**WORK INSTRUCTIONS:** What's wanted is a faithful retyping of every entry, pictures excluded.

**RECORDS SUPPLIED:**

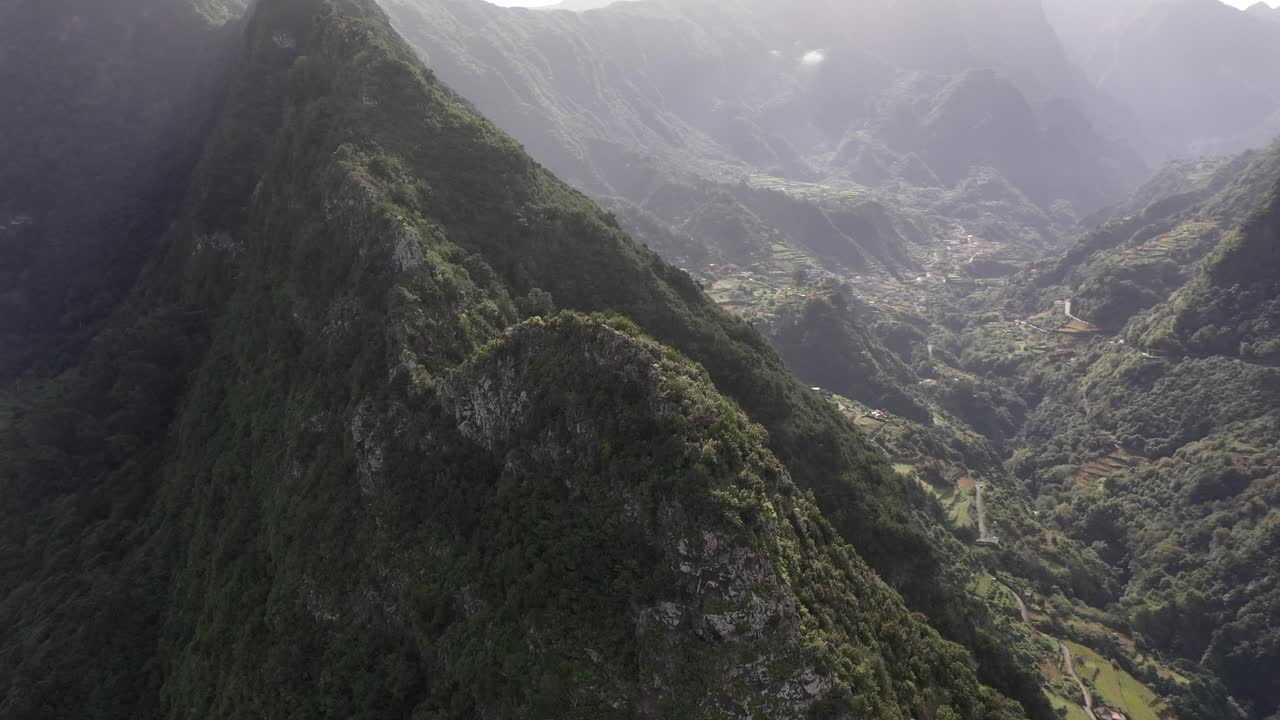 disparo de drones en círculos, centrándose en la cresta de una montaña con dos lados con casas de pueblos en madeira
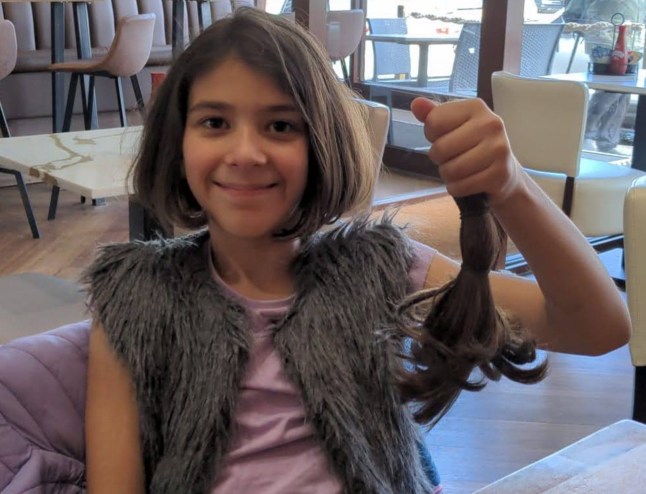 Undated family handout photo issued by the Metropolitan Police of nine-year-old Ada Bicakci from Bexleyheath, who died in the afternoon of Monday, August 5, after being hit by a bus on Watling Street, Bexleyheath, south-east London on Saturday, 3 August. This picture shows Ada holding a lock of her hair after having had her hair cut for donation. Issue date: Thursday August 15, 2024. PA Photo. See PA story POLICE Bexleyheath . Photo credit should read: Family Handout/PA Wire NOTE TO EDITORS: This handout photo may only be used in for editorial reporting purposes for the contemporaneous illustration of events, things or the people in the image or facts mentioned in the caption. Reuse of the picture may require further permission from the copyright holder.
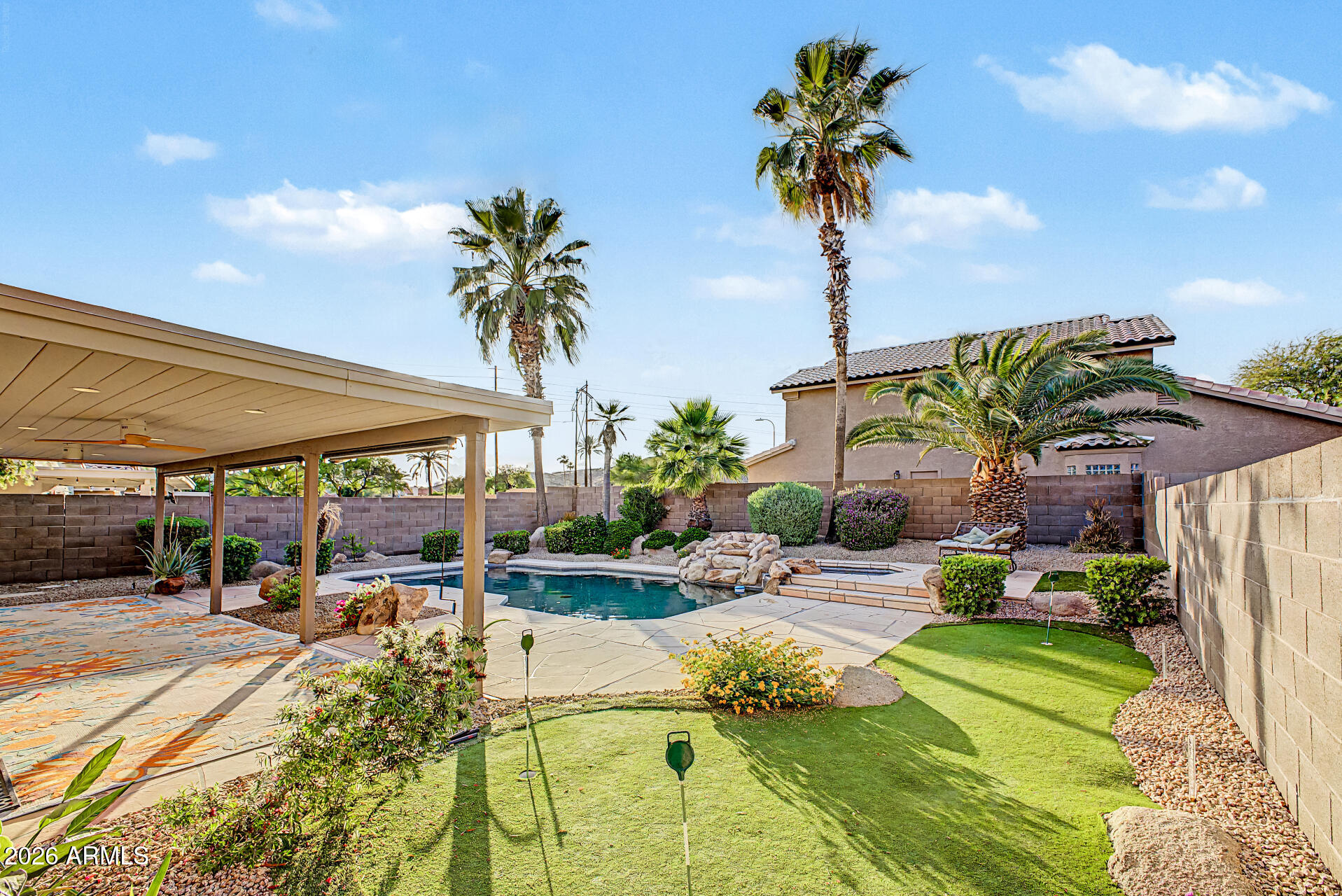 4102 East Rock Wren Road Phoenix, AZ 85044 - Photo 25 of 25 a view of a swimming pool with a patio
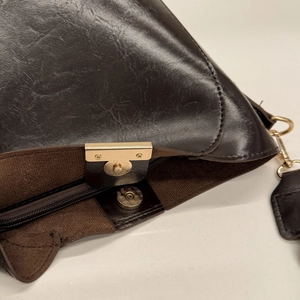 Detail shot of the vintage brown crossbody bag showing magnetic buckle and gold zipper closure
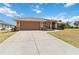 A well-maintained home featuring a two-car garage and landscaped front yard at 113 Mark Twain Ln, Rotonda West, FL 33947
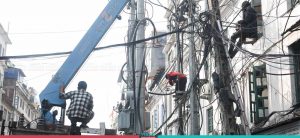 KMC removing New Road premises’ electric poles (Photo Feature)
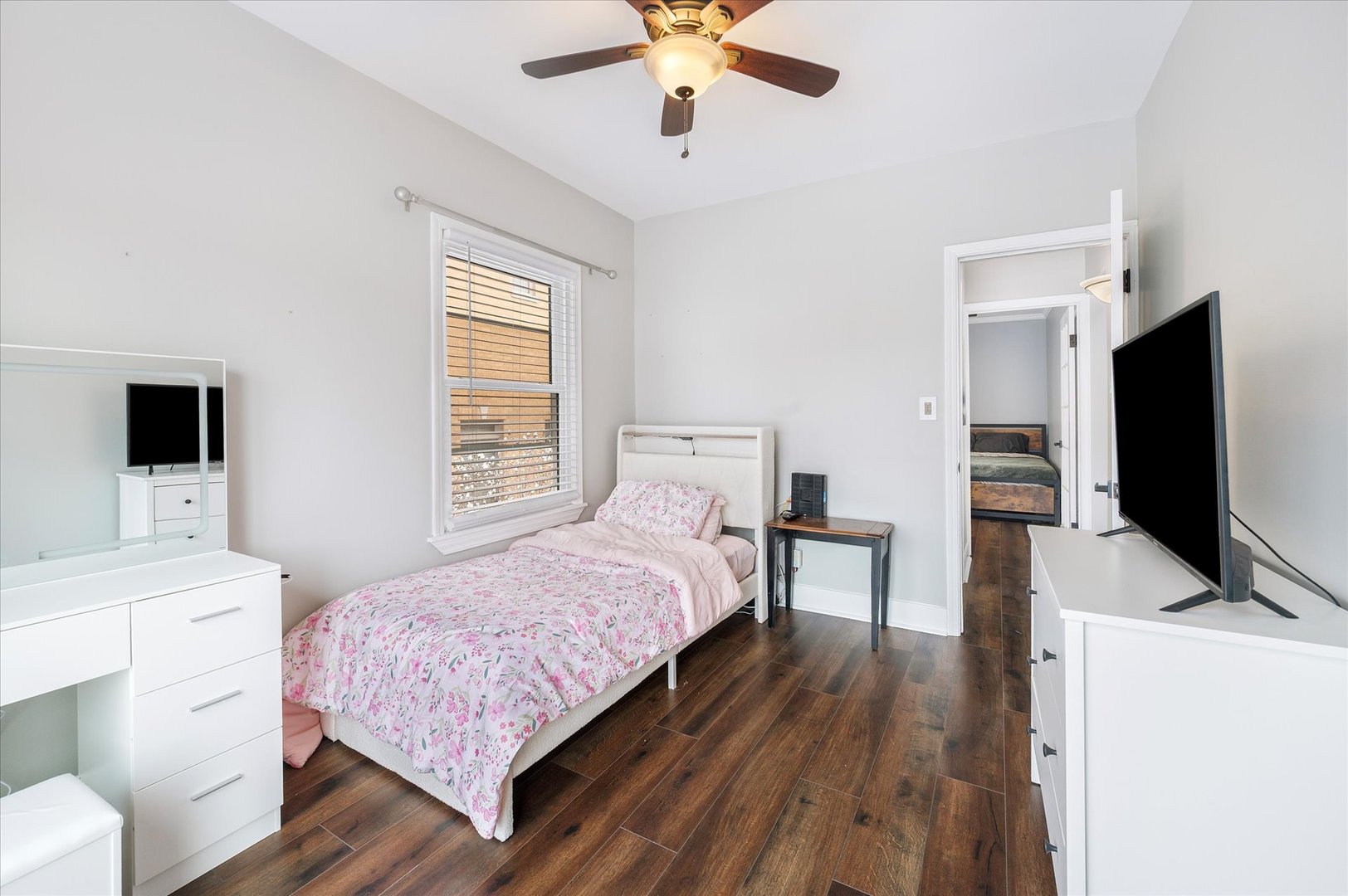 272 North Willow Road Elmhurst, IL 60126 - Photo 18 of 38 a bedroom with a bed and a flat screen tv
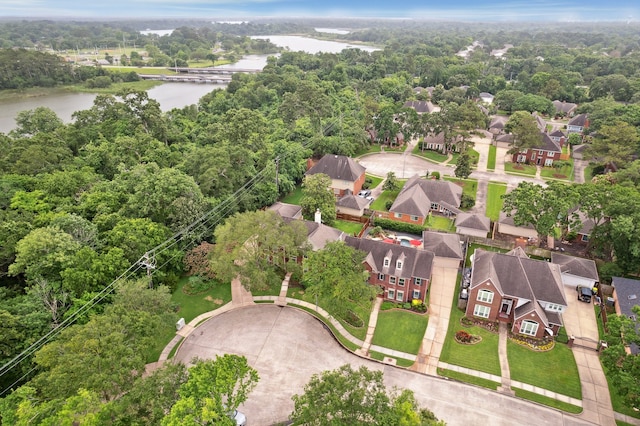 aerial perspective of suburban area with a large body of water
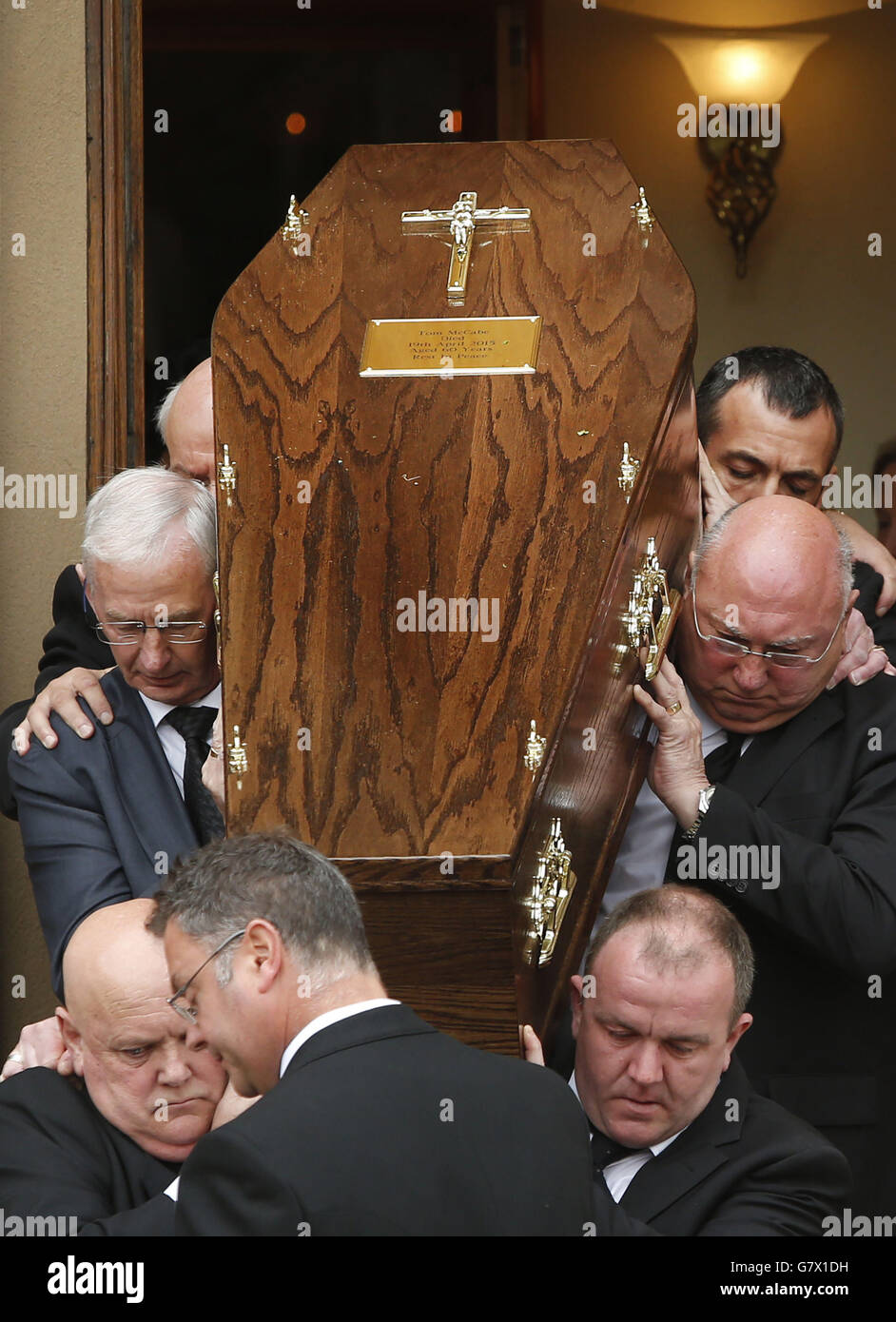 The coffin of former Labour MSP Tom McCabe is carried from St Mary's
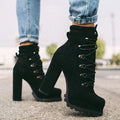 Women's suede high heel ankle boots with thick block heel in army green, showing round toe and belt buckle detail.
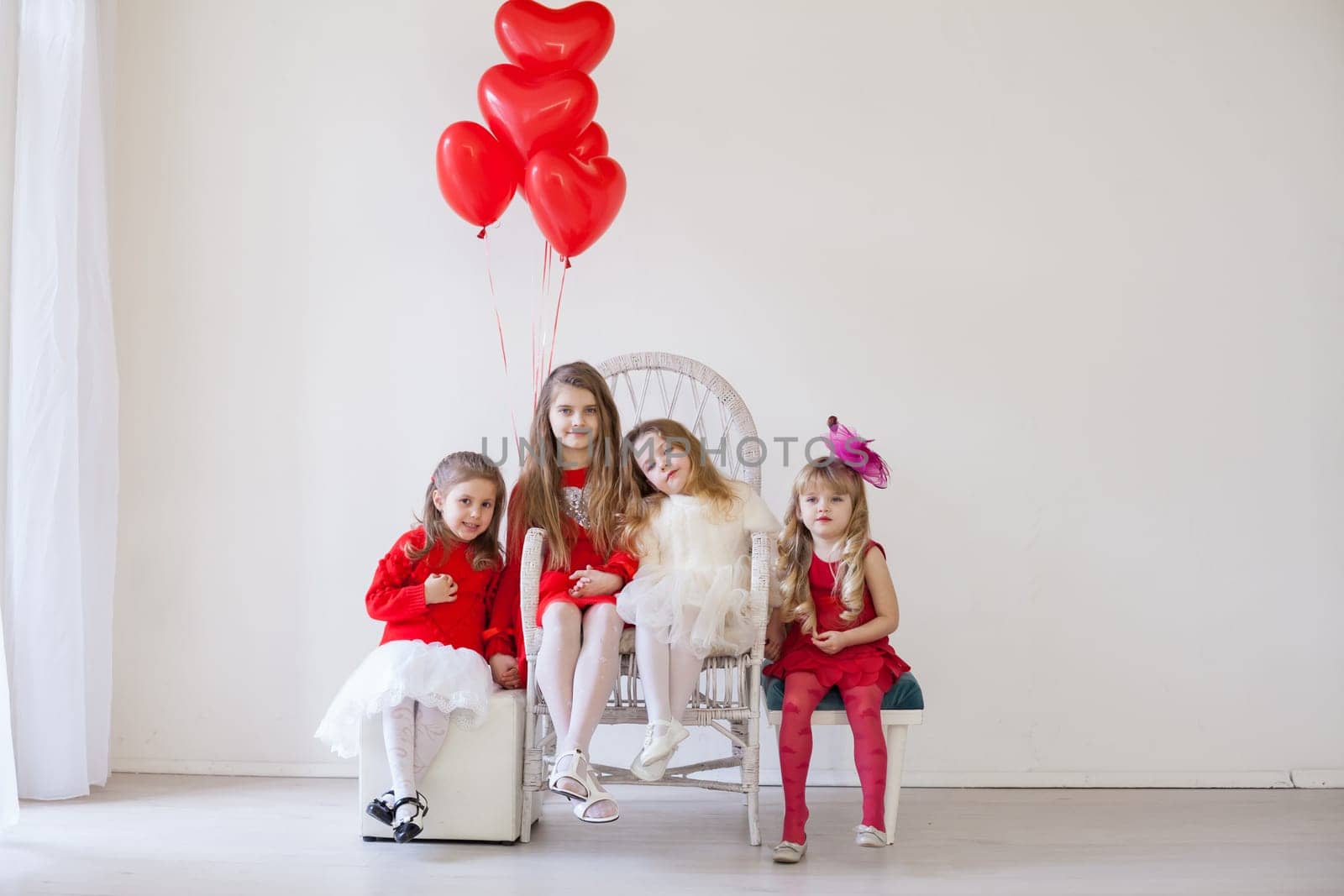 Kids with red balloons for birthday in the interior of the white room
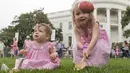 Abigail (3) bersama adiknya menggelindingkan telur saat lomba perayaan Paskah di halaman Gedung Putih, Washington, Senin (17/4). Lomba yang digelar setiap tahun di Gedung Putih ini merupakan lomba menggelindingkan telur yang ke-139. (SAUL LOEB / AFP)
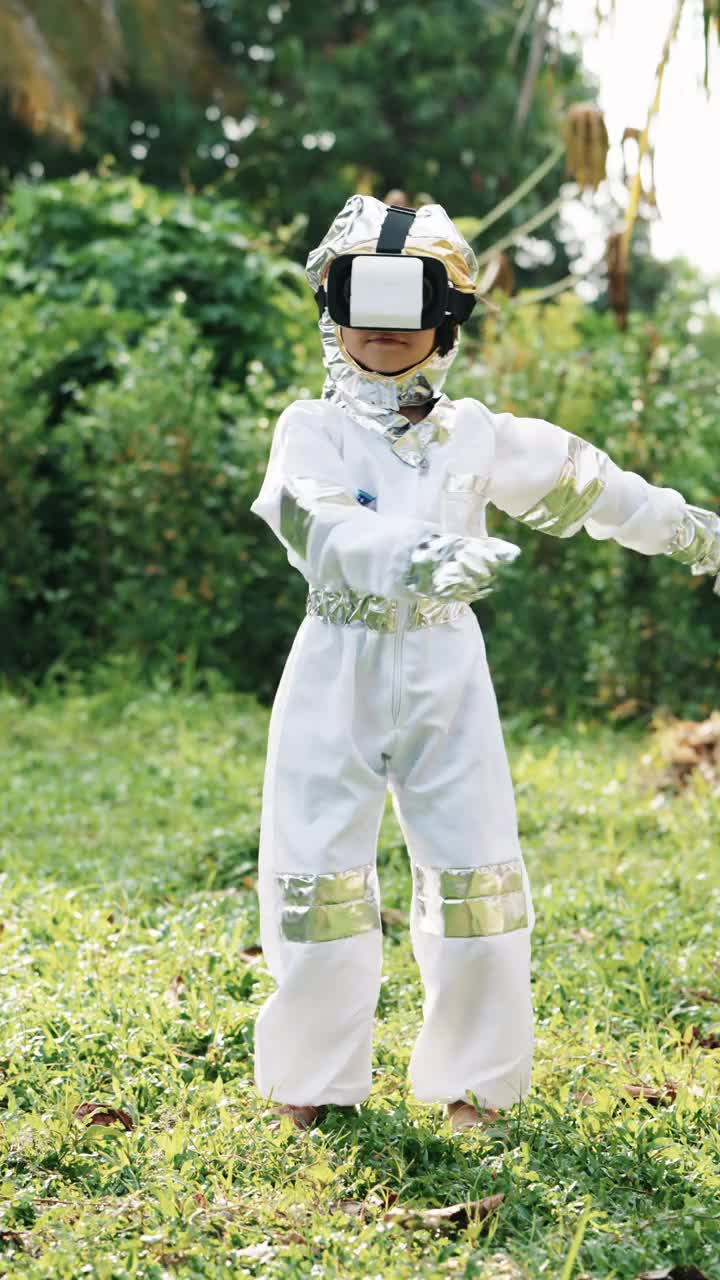 小女孩穿着太空服，戴着虚拟现实眼镜，白天在前院跳舞。视频下载
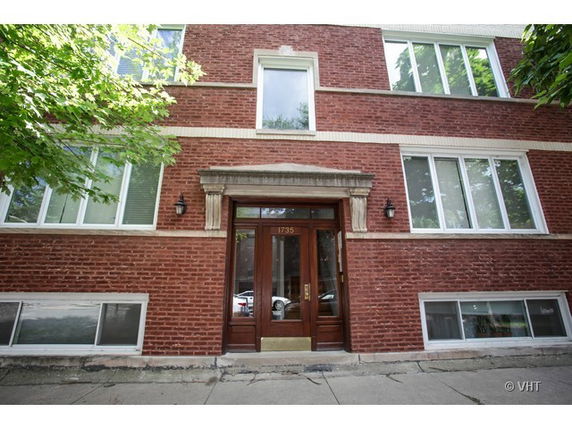 Front view of a brick apartment building with large windows and a wooden entrance door.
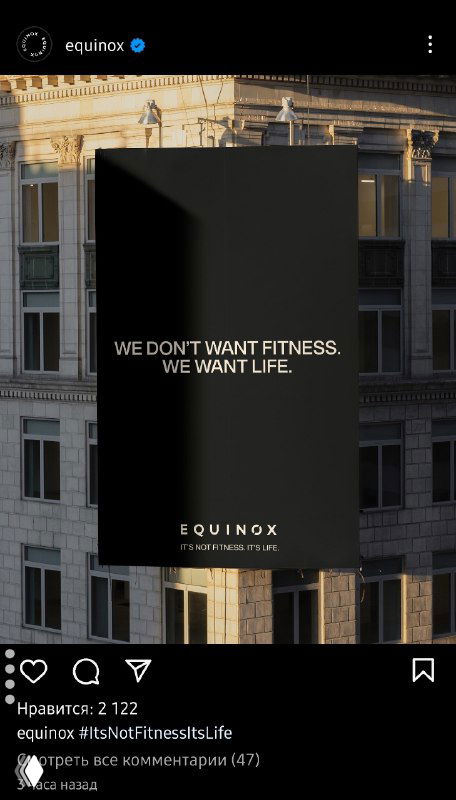 Черный наружный рекламный щит на фасаде здания с английским слоганом «WE DON'T WANT FITNESS. WE WANT LIFE», визуал указывает на кампанию сети фитнес-клубов в городском контексте.
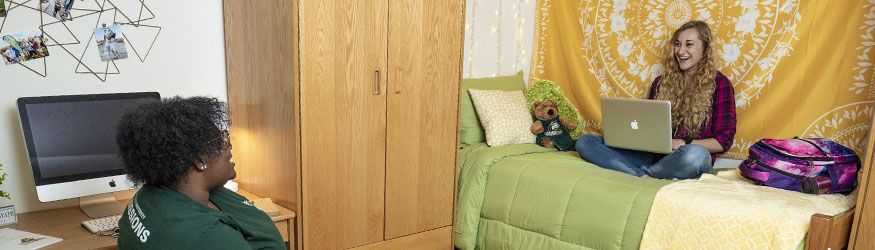 photo of two students in a dorm room in The Woods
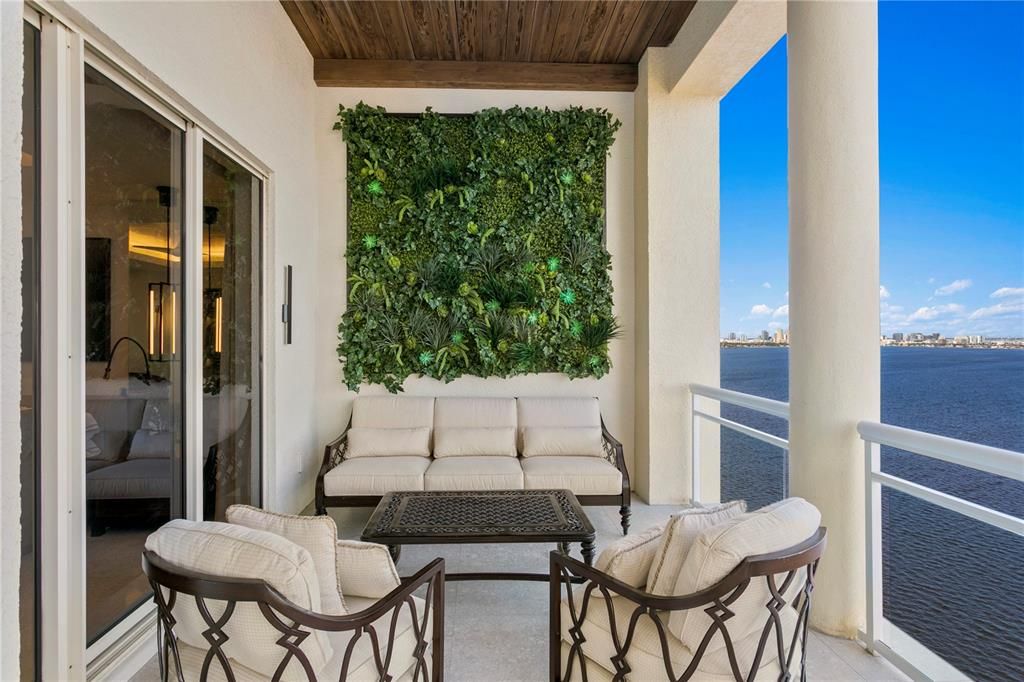 Spectacular outdoor living space with a green feature wall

**OUTPUT BELOW:**
 disparo de drones en círculos, centrándose en la cresta de una montaña con dos lados con casas de pueblos en madeira
 Undated family handout photo issued by the Metropolitan Police of nine-year-old Ada Bicakci from Bexleyheath, who died in the afternoon of Monday, August 5, after being hit by a bus on Watling Street, Bexleyheath, south-east London on Saturday, 3 August. This picture shows Ada holding a lock of her hair after having had her hair cut for donation. Issue date: Thursday August 15, 2024. PA Photo. See PA story POLICE Bexleyheath . Photo credit should read: Family Handout/PA Wire NOTE TO EDITORS: This handout photo may only be used in for editorial reporting purposes for the contemporaneous illustration of events, things or the people in the image or facts mentioned in the caption. Reuse of the picture may require further permission from the copyright holder.
 4102 East Rock Wren Road Phoenix, AZ 85044 - Photo 25 of 25 a view of a swimming pool with a patio
 Detail shot of the vintage brown crossbody bag showing magnetic buckle and gold zipper closure
 A well-maintained home featuring a two-car garage and landscaped front yard at 113 Mark Twain Ln, Rotonda West, FL 33947
 KMC removing New Road premises’ electric poles (Photo Feature)
 272 North Willow Road Elmhurst, IL 60126 - Photo 18 of 38 a bedroom with a bed and a flat screen tv
 aerial perspective of suburban area with a large body of water
 The coffin of former Labour MSP Tom McCabe is carried from St Mary's
 Women's suede high heel ankle boots with thick block heel in army green, showing round toe and belt buckle detail.
 Kids with red balloons for birthday in the interior of the white room
 Abigail (3) bersama adiknya menggelindingkan telur saat lomba perayaan Paskah di halaman Gedung Putih, Washington, Senin (17/4). Lomba yang digelar setiap tahun di Gedung Putih ini merupakan lomba menggelindingkan telur yang ke-139. (SAUL LOEB / AFP)
 小女孩穿着太空服，戴着虚拟现实眼镜，白天在前院跳舞。视频下载
 Front view of a brick apartment building with large windows and a wooden entrance door.
 Черный наружный рекламный щит на фасаде здания с английским слоганом «WE DON'T WANT FITNESS. WE WANT LIFE», визуал указывает на кампанию сети фитнес-клубов в городском контексте.
 photo of two students in a dorm room in The Woods
 Spectacular outdoor living space with a green feature wall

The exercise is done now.